▼

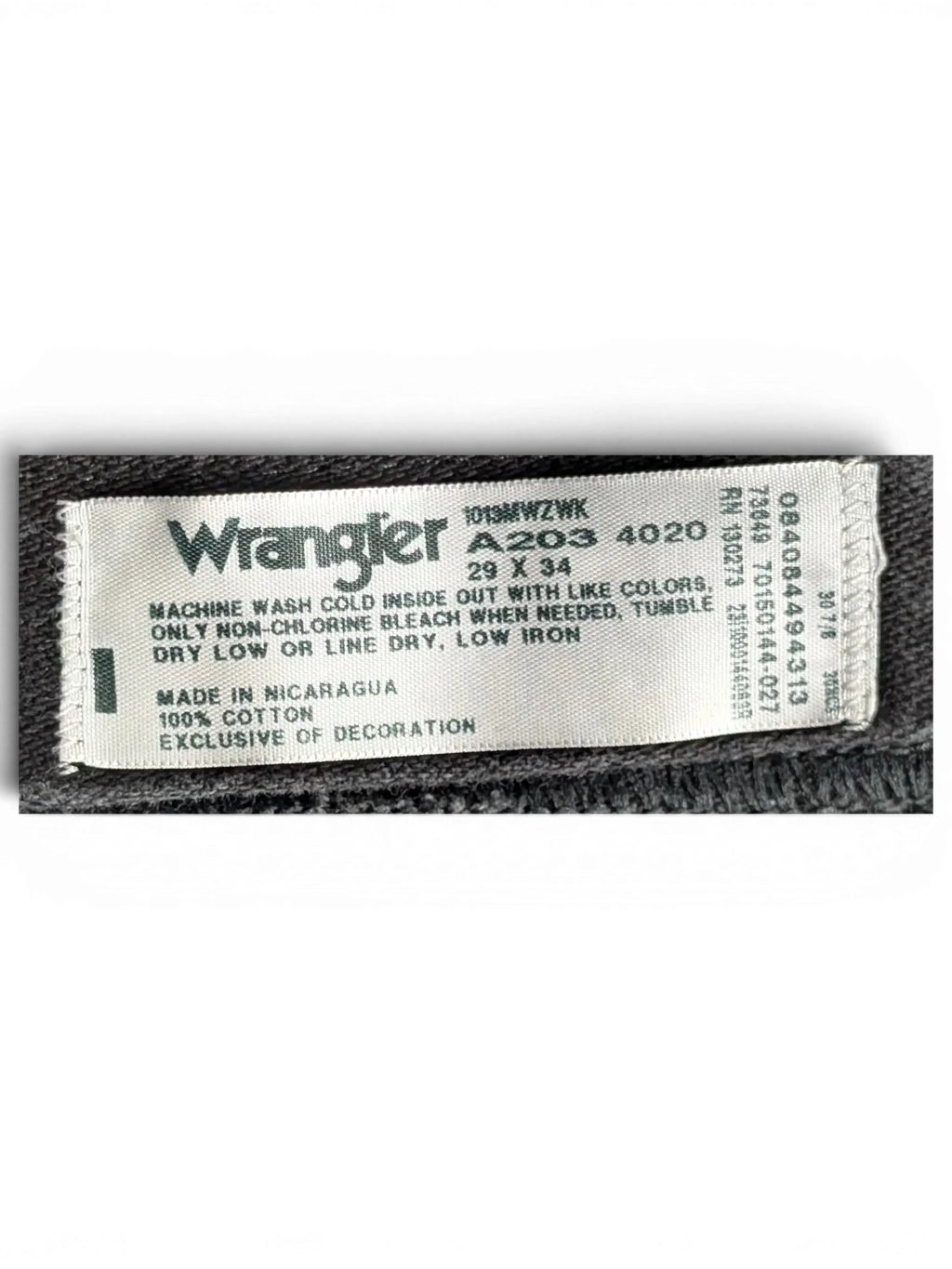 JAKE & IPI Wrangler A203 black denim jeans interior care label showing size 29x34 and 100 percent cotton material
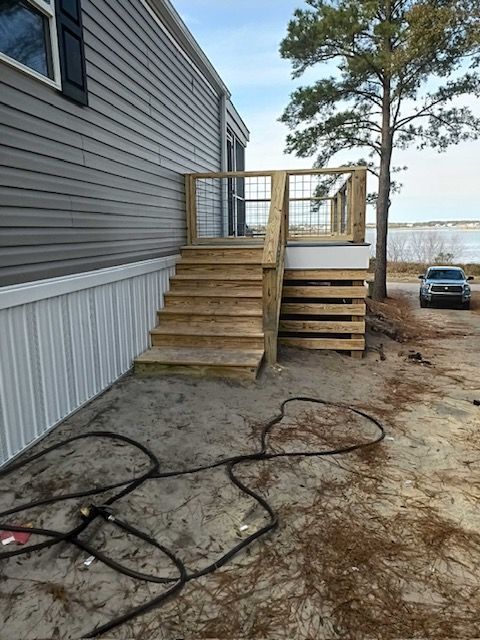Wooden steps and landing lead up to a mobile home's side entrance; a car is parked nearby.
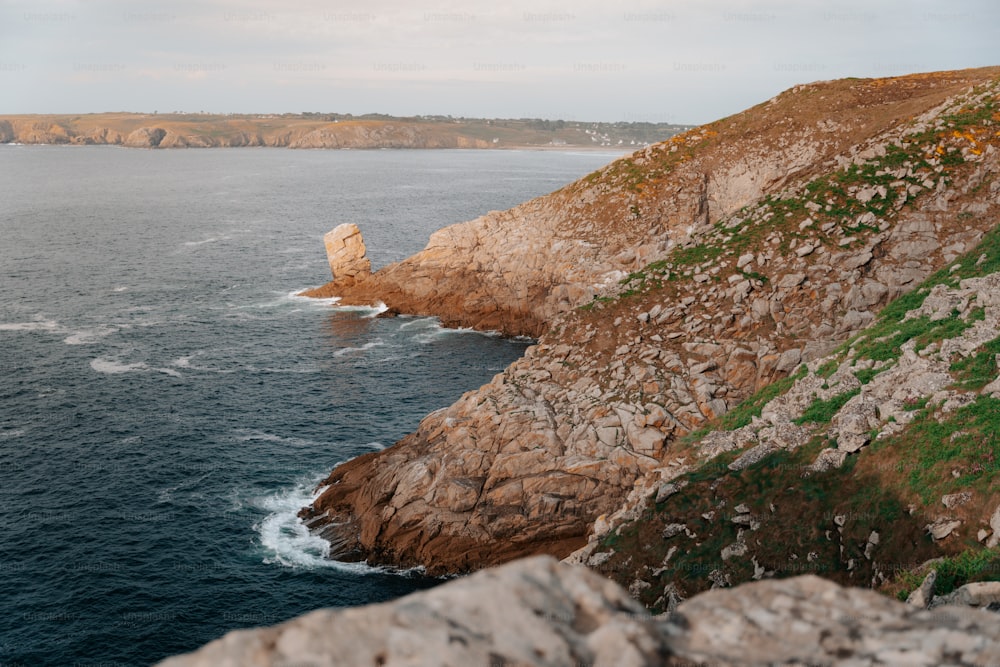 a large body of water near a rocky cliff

▲

ABOUT THIS EXERCISE.
Any images must be dropped; all other material is to be printed exactly.

PROBLEM SOLUTION.
 JAKE & IPI Wrangler A203 black denim jeans interior care label showing size 29x34 and 100 percent cotton material
Wooden steps and landing lead up to a mobile home's side entrance; a car is parked nearby.
 a large body of water near a rocky cliff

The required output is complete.